The civil war in Syria was always a threat to the entire Middle East, but that threat is now tilting into reality. Syria is firing into Turkey, its northern neighbor and a member of NATO, and Turkey is firing back. This could easily become a wider war if the international community doesn’t act.
It seems fair, at this point, to believe that this conflict has only one resolution, and that is with President Bashar Assad out of office, either of his own volition or at the end of a rope. What is important for the United States, the Middle East, Europe and especially Russia is for them to do all they can to ensure that Assad exits in a way that produces the smoothest transition possible.

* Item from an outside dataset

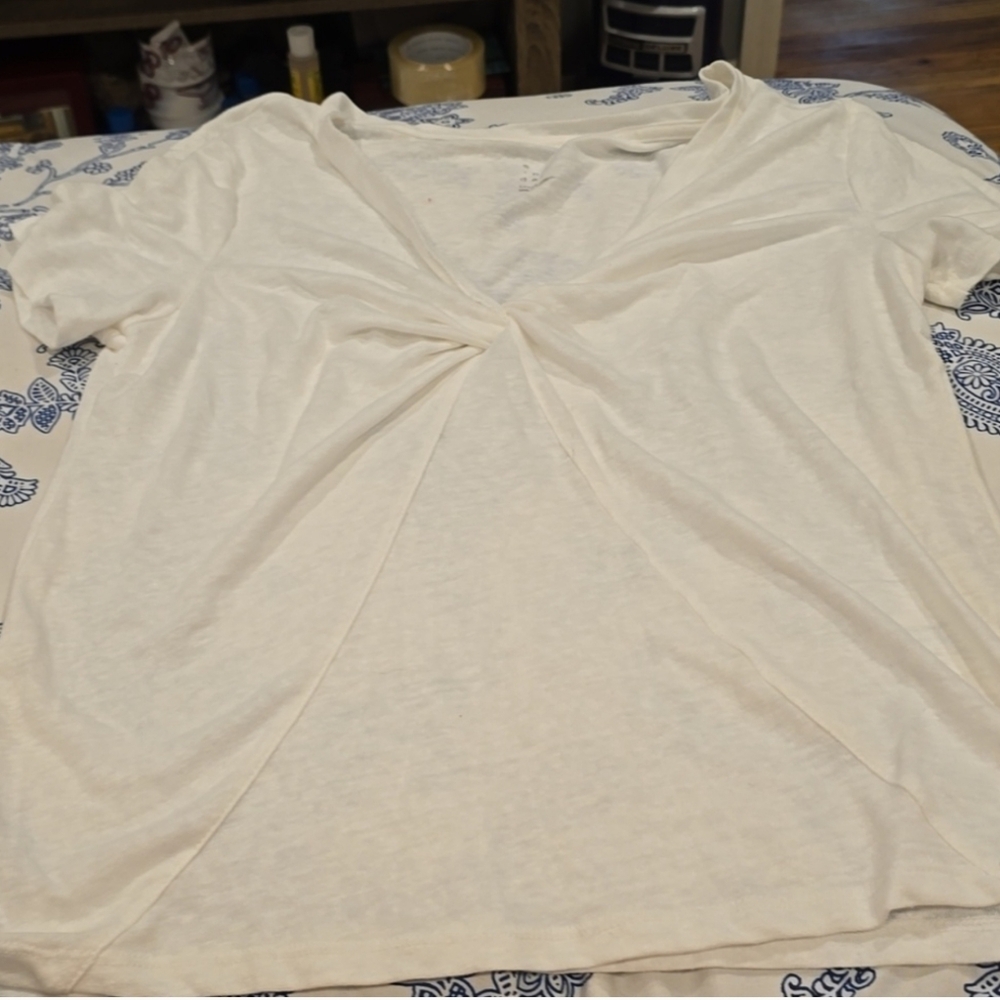❤️10/$16 Nwot Women's Cream White Top Light Perfect For Summer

Right now, events are moving in the opposite direction. Any sustained attack on Turkey could bring NATO directly into the conflict, a threat that, by some assessments, is the precise warning that Syria is issuing by lobbing shells onto Turkish soil: Stay out.
Yet NATO has announced its readiness to defend Turkey in the midst of artillery exchanges, while the situation within Syria is intolerable and getting worse. We are liable to be drawn into the conflict sooner or later if Assad does not hastily make his exit, so it should be our task – but mainly that of European NATO members – to hasten the day.

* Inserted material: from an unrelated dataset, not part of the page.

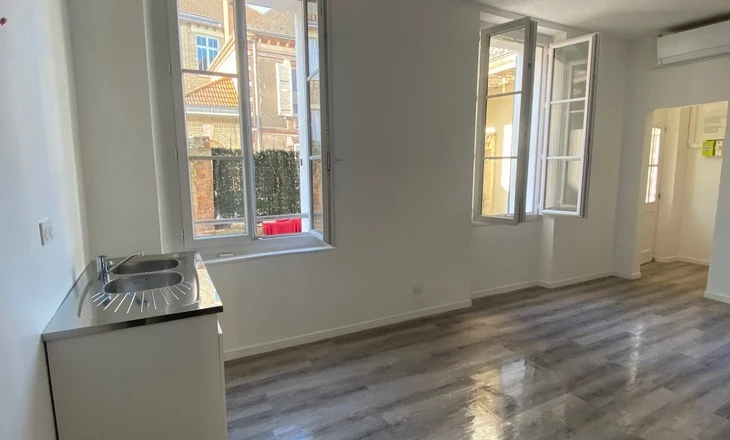 photo salon après travaux pris en charge par Louer pour l'emploi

France has pushed for a no-fly zone in Syria, and Secretary of State Hillary Clinton has said the United States is weighing that option. President Obama has resisted calls to arm the Syrian rebels, fearing that the weapons could end up in the hands of terrorists, and some analysts believe the infusion of more weapons could widen the war into a regional conflict.
The United States has provided non-lethal aid to the anti-Assad rebels and, according to the New York Times, sent a military task force to neighboring Jordan.
Plainly, there are risks in any course of action, but there are risks from taking no action, as NATO becomes drawn ever closer to the conflict. The United States needs to be prepared to accept a bigger role in ending the conflict between Syria and the rebels by acting to tilt the advantage in favor of those who decline to live any longer under the thumb of a murderous regime.
Russia, meanwhile, needs to withdraw its support of Assad, rather than propping him up and, in so doing, pushing the Middle East toward a catastrophic war. Its role needs to be to help clear the way to a resolution of this conflict. That can’t be done by shielding the man whose ruthlessness brought it on.
It is unfortunate that this matter is coming to a head just as the presidential election is – Republican nominee Mitt Romney says he would arm the rebels – but it is obviously an important issue and its place in the campaign is inevitable. Both candidates need to handle this issue responsibly and avoid, as much as possible, further raising the risk of a wider war in the Middle East.